To establish the multiplex method and to confirm its specificity, first used were synthetic cP-containing 5′-tRNA halves produced by the in vitro method (FIG. 10D), as well as synthetic control spike-in RNA. Not all multiplex combinations of targeted RNAs resulted in specific quantification of each target RNA without cross-reaction. Two groups of multiplex quantifications were established: Group 1 for the quantification of the 5′-tRNAHisGUG half (HEX) 5′-tRNAGlyCCC half (TAMRA), and spike-in RNA (FAM); and Group 2 for the quantification of the 5′-tRNALysCUU half (HEX) and spike-in RNA (FAM) (FIG. 11B). To confirm their specificities, ten sets of synthetic RNA mixtures including various combinations of the three 5′-tRNA halves and spike-in RNA (FIG. 11B) were subjected to the multiplex TaqMan RT-qPCR for Groups 1 and 2. As shown in FIG. 11C, in both Groups 1 and 2, each targeted RNA was specifically detected without being influenced by the presence of other RNAs in the mixture. The mixtures lacking the targeted RNAs did not yield amplification signals at all. These results confirmed that the multiplex method as disclosed herein is able to specifically quantify the targeted 5′-tRNA halves.

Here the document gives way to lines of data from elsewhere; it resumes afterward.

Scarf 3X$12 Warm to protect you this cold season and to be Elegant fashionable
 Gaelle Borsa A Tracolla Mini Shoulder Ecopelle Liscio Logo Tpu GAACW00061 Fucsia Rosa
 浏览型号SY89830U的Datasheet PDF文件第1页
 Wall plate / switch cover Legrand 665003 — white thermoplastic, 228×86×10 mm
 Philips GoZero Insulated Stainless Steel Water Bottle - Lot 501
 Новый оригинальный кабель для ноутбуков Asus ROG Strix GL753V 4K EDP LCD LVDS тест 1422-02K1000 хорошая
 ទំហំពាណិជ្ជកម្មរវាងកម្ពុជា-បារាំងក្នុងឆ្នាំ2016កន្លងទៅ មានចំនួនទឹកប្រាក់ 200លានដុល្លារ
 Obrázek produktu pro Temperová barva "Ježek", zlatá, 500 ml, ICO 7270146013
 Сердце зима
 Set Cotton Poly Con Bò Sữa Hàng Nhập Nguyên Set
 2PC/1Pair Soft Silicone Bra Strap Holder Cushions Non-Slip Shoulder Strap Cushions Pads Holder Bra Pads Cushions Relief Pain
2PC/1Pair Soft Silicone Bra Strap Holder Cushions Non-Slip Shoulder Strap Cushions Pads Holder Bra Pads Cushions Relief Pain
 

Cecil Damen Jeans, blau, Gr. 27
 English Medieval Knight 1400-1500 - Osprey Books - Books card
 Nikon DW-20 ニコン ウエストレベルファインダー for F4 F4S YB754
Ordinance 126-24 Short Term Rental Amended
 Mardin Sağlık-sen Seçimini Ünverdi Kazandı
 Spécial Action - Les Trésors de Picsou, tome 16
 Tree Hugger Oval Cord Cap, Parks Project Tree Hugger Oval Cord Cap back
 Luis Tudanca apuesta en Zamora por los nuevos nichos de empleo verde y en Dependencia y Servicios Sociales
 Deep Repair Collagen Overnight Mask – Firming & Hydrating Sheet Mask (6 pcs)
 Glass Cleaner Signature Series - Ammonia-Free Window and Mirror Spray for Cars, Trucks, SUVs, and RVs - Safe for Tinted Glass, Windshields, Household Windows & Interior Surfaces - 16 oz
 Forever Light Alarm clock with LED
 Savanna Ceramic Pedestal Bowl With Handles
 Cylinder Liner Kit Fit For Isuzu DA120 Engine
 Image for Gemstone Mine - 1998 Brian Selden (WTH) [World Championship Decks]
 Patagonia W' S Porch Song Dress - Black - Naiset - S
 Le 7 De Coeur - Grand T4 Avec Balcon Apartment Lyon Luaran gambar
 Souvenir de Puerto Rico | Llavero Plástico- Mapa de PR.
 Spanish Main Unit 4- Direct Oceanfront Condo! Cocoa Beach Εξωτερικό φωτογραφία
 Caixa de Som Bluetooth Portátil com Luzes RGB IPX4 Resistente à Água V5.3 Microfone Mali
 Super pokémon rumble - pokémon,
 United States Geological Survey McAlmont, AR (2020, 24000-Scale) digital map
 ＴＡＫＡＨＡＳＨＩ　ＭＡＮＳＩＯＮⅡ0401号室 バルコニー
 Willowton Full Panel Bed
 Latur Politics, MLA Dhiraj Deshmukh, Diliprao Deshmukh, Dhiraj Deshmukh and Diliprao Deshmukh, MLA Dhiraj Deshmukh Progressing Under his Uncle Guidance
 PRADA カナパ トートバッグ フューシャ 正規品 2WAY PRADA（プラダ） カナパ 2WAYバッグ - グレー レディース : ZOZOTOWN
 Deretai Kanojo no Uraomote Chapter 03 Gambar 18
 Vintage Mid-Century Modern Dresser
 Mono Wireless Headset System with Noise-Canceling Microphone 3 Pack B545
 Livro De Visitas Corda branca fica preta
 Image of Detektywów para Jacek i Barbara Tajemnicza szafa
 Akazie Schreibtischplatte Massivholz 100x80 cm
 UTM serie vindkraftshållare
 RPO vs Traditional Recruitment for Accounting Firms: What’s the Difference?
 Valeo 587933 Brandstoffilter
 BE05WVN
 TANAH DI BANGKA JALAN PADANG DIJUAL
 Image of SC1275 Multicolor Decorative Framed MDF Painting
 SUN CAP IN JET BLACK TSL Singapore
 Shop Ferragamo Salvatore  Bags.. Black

Next the applicability of the multiplex TaqMan RT-qPCR method to cellular total RNA was examined. When cellular RNAs are used as materials, instead of control spike-in RNA, the 5S rRNA is detected as a control for normalization. To illustrate cellular samples that show differential expression of 5′-tRNA halves, total RNA from SA-treated HeLa cells were utilized where the induction of oxidative stress accumulated stress-induced, cP-containing 5′-tRNA halves [6]. Total RNAs from non-treated (control) or SA-treated HeLa cells were subjected to T4 PNK treatment, followed by 3′-AD ligation and multiplex TaqMan RT-qPCR for Groups 1 and 2 (FIG. 12A). Relative abundances of the 5′-tRNA halves between non-treated and SA-treated samples were normalized by the abundance of simultaneously quantified 5S rRNA. Upregulation of all of the quantified 5′-tRNA halves (FIG. 12B) was observed, which is consistent with the previous study [6]. Upon SA treatment, the expression of the 5′-tRNAHisGUG half 5′-tRNAGlyCCC half and 5′-tRNALysCUU half increased 22.6-, 25.3-, and 65.2-fold (average of two biological replicates), respectively.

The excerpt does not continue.